Entries taken from a collection:
★ ★ ★ ★ ★ ★ ★

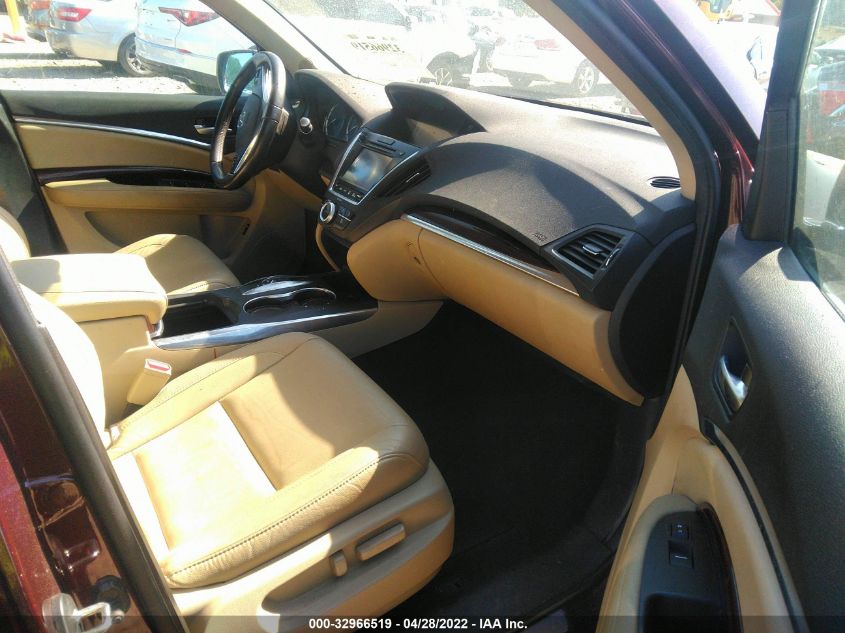 2016 ACURA MDX 5FRYD4H20GB018979
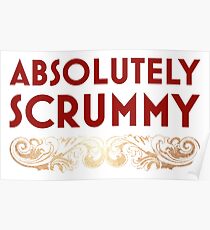 Absolutely Scrummy Poster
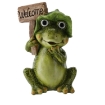 Chomik Садовая Фигура - Сидящая Лягушка «Welcome» 25 x 18 x 36,5 См, GOT7201 - Home Club, зображення 3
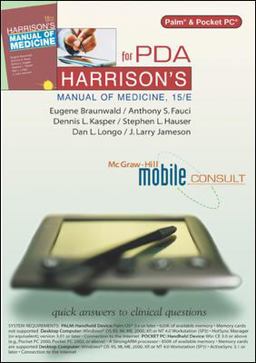 Harrison's Manual of Medicine, 15/e for PDA
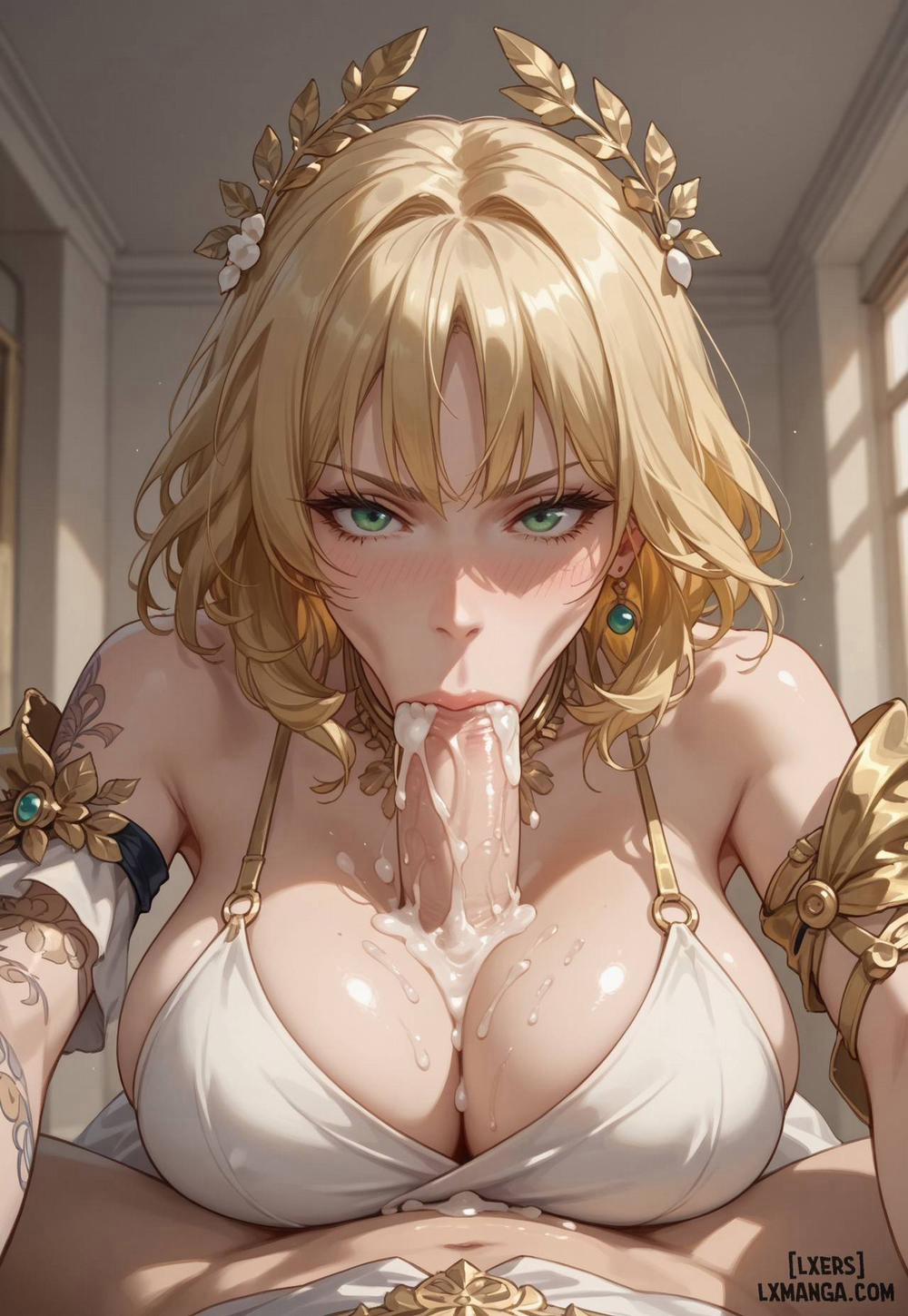 AI Generated (Uncensored) Aglaea (Honkai Star Rail) trang 40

★ ★ ★ ★ ★ ★ ★

### Required action
Repeat the records word for word and drop any pictures.

### Task answer
 2016 ACURA MDX 5FRYD4H20GB018979
 Absolutely Scrummy Poster
 Chomik Садовая Фигура - Сидящая Лягушка «Welcome» 25 x 18 x 36,5 См, GOT7201 - Home Club, зображення 3
 Harrison's Manual of Medicine, 15/e for PDA
 AI Generated (Uncensored) Aglaea (Honkai Star Rail) trang 40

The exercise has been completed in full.